En la voyant ainsi, il s’abandonna au plus violent désespoir, s’accusant de n’avoir pas su ménager sa douleur : il l’appelait à grands cris, lui prodiguait les noms les plus tendres. Enfin les accents de sa voix suppliante parvinrent au cœur de Céline ; ses yeux se rouvrirent ; amis à peine eurent-ils rencontré le brûlant regard de Théobald, qu’elle fit un mouvement pour se dégager de ses bras. Offensé de cette marque d’effroi :

— Ne craignez rien, dit-il, celui que vous avez pu nommer un instant votre frère, peut-il jamais vous offenser ? Ah ! c’est pour vous conserver la paix, l’honneur, qu’il s’exile de ces lieux. Songez-y donc, Céline, je vous aime depuis longtemps… j’ai reçu votre aveu… et je pars !…

— Vous partez !… et ma mère !

— Hélas ! j’aurais voulu prolonger éternellement son erreur. Mais forcé de vous quitter, je vais écrire à M. de Melvas de préparer sa sœur à la triste nouvelle que je venais vous apprendre ; qu’il blâme ou non la faiblesse qui m’a fait accepter le rôle qu’on m’a presque imposé ; qu’il m’accuse d’avoir cédé à l’effroi que m’inspirait l’état de votre mère, peu m’importe : la résolution de vous fuir, de renoncer à Céline m’acquitte assez envers lui ; et sa colère ne peut rien ajouter à mon malheur.

— Mais elle en va mourir, disait Céline en versant un torrent de larmes ; que faire ? Ô ciel ! qui me guidera dans cet affreux moment !

— Ordonnez : quel que soit le sacrifice que vous exigiez de moi, vous l’obtiendrez, Céline ; ma vie vous appartient ; je ne l’ai conservée, après avoir perdu Léon, que pour vous la consacrer tout entière : il en a reçu le serment. Ah ! c’est au nom de ce frère chéri que je réclame mon pardon.

— Et suis-je donc en état de juger votre conduite ? reprit Céline ; puis-je m’occuper de vous et de moi, quand je pressens le désespoir de ma mère ? Que deviendra-t-elle, lorsque mon oncle… Là, des sanglots étouffèrent la voix de Céline. Non, reprit-elle avec force… sa vie avant tout… et si je ne puis la sauver, qu’elle meure du moins heureuse… Moi seule je serai coupable, et le courroux de mon oncle ne tombera que sur moi. Ah ! Théobald, ajouta-t-elle avec l’accent de la prière, si vous m’aimez, soyez encore son fils ; oubliez ce malheureux amour qui ne doit jamais être sanctifié, cet amour qui nous placerait aujourd’hui dans une situation déshonorante. Enfin, rendez-moi mon frère.

— C’est demander ma vie, reprit Théobald ; car le sacrifice de cet amour n’est pas en ma puissance : avant même de te voir, ne l’avais-je pas vainement combattu ? et depuis que je suis ici, depuis que ta présence en a fait un délire, combien de fois n’ai-je pas tenté d’en triompher ? Va, si les reproches que je m’adressais, si les humiliations qu’il m’a fallu supporter, si ton intérêt même n’ont pu l’étouffer en mon âme, il est indestructible.

— Ainsi donc, je n’ai plus rien à espérer, dit Céline accablée de douleur. Vous prononcez l’arrêt de ma mère… le mien peut-être…

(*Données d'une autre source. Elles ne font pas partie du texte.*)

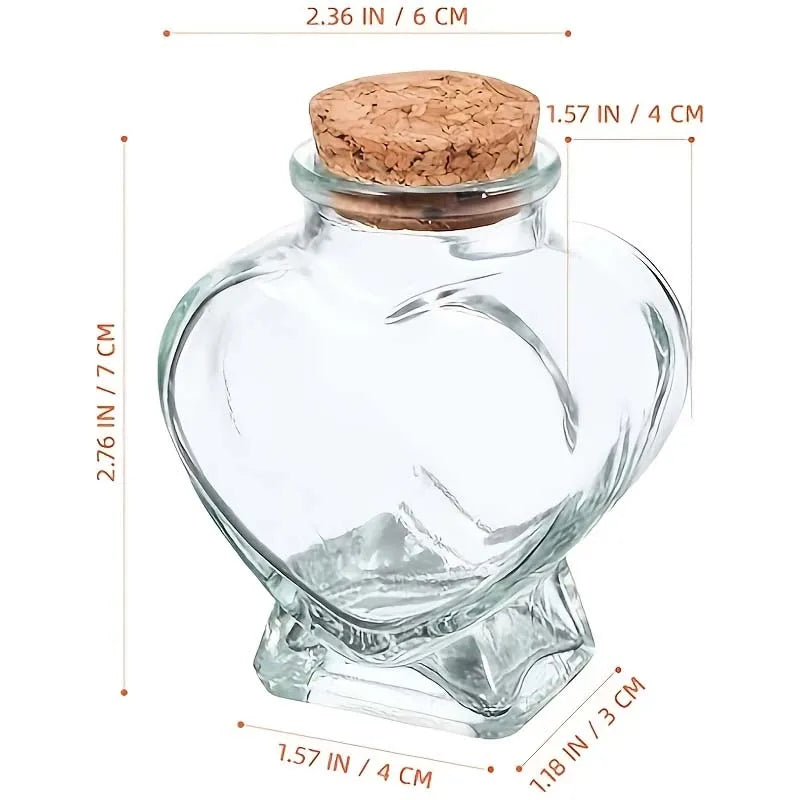 Mini Heart-Shaped Glass Bottle with Cork – DIY Wishing Message Jar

— Non ! je t’obéirai, s’écria Théobald, je ne partirai point ; et, s’il le faut, je te le jure, tu n’entendras jamais parler de cet amour. Sans cesse exposé aux injures de ton oncle, tu me verras écouter, sans pâlir, ses discours injurieux pour Théobald ; j’attendrai patiemment le jour qui, détruisant son illusion, me livrera à toute sa colère ; je supporterai jusqu’à ta froideur même ; je puis me résigner à tout, mais non à ton malheur. Ah ! tant de soumission ne me rendra-t-elle pas ta confiance ?

Il y avait trop de vérité dans l’accent de Théobald, pour ne pas rassurer Céline, et c’est le cœur ému des plus généreux sentiments d’amour, qu’ils se promirent de renoncer l’un à l’autre.

Céline, ne devant plus voir désormais qu’un frère dans Théobald, lui interdit tout ce qui devait leur rappeler une autre affection. Ils convinrent de réunir leurs soins pour empêcher la triste vérité d’arriver à madame de Lormoy tant que sa santé la mettrait en péril ; ils devaient surtout éviter d’instruire M. de Melvas ; car, au moindre soupçon de sa part, son indignation l’aurait emporté sur sa prudence ; mais, en s’accordant sur tous ces points, Céline ne s’apercevait pas qu’elle n’osait plus prendre le bras de Théobald pour retourner au château, et qu’elle ne pouvait plus lui parler, sans rougir, que de sa mère.